I am curious about the following problem:
Let the diffusion process $\{X_t\}_{t\ge 0}$ be defined as $$dX_t=c(1-X_t)X_td B_t$$ where $X_0\in (a,b)\subseteq (0,1)$, $c>0$, and $B_t$ is the standard Brownian motion.
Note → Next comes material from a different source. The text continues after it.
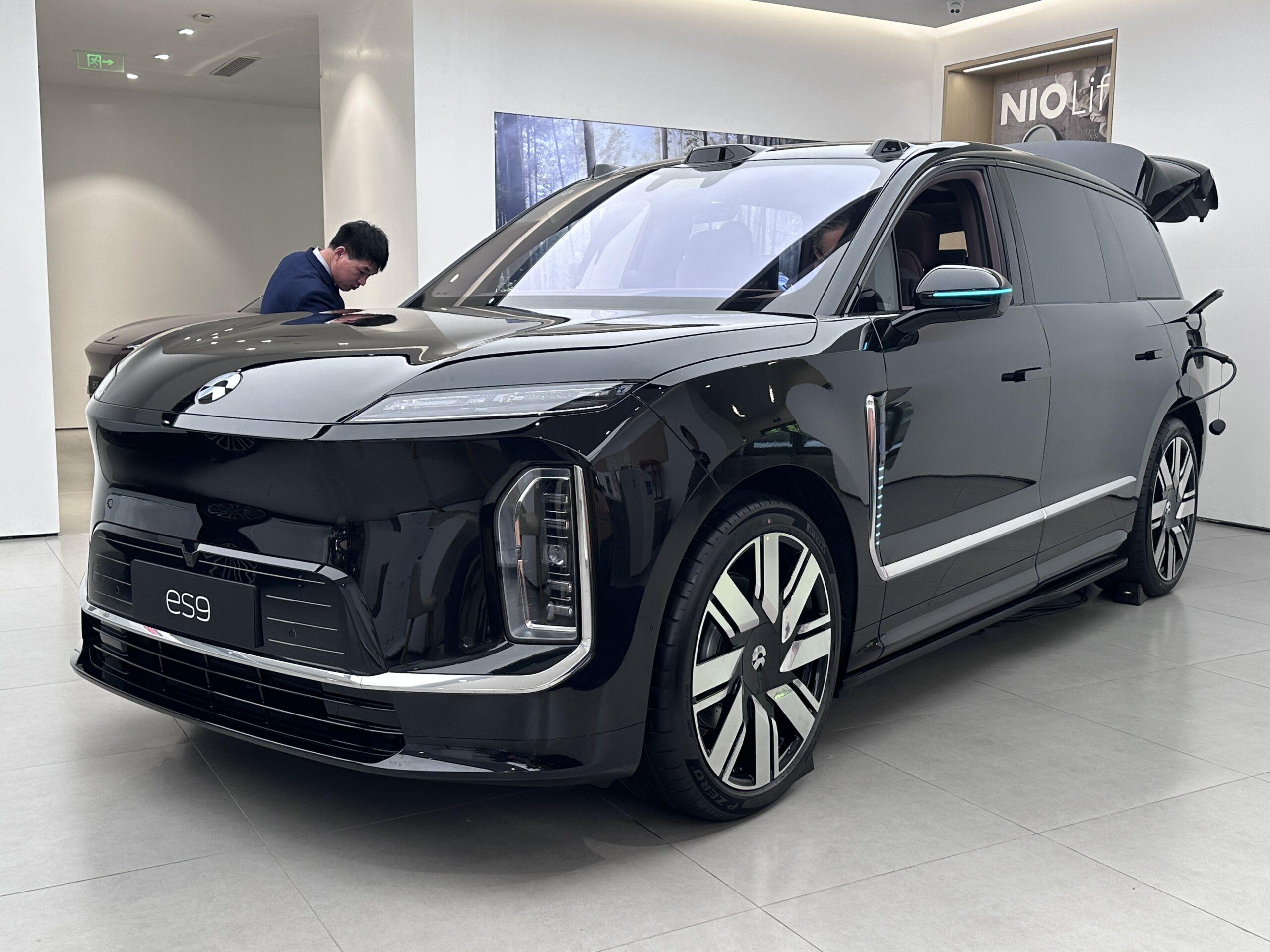Nio ES9 Hampir Tembus 10.000 Pengiriman, Eksekutifnya Tantang Video Uji Li Auto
Define the (first) hitting time $\tau\equiv\inf\{t\ge 0\,|\,X_t\notin(a,b)\}$.
My question is: How to derive the conditional densities $$\frac{\mathrm d\,\mathbb P(\tau\le t\,|\, X_\tau=b)}{\mathrm d t}\text{ and }\,\,\frac{\mathrm d\,\mathbb P(\tau\le t\,|\, X_\tau=a)}{\mathrm d t}?$$ Can anyone give me some hint, suggestion, or reference for this? Many thanks!
My current situation: (should be ignored if it is useless...) We can show that the process $$Y_t=-\frac{t}{2}+\ln\frac{X_t}{1-X_t}$$ is a standard Brownian motion under the changed measure $\mathbb Q$ with the Radon-Nikodym derivative $\mathrm d\mathbb Q/\mathrm d\mathbb P=X_t/X_0$.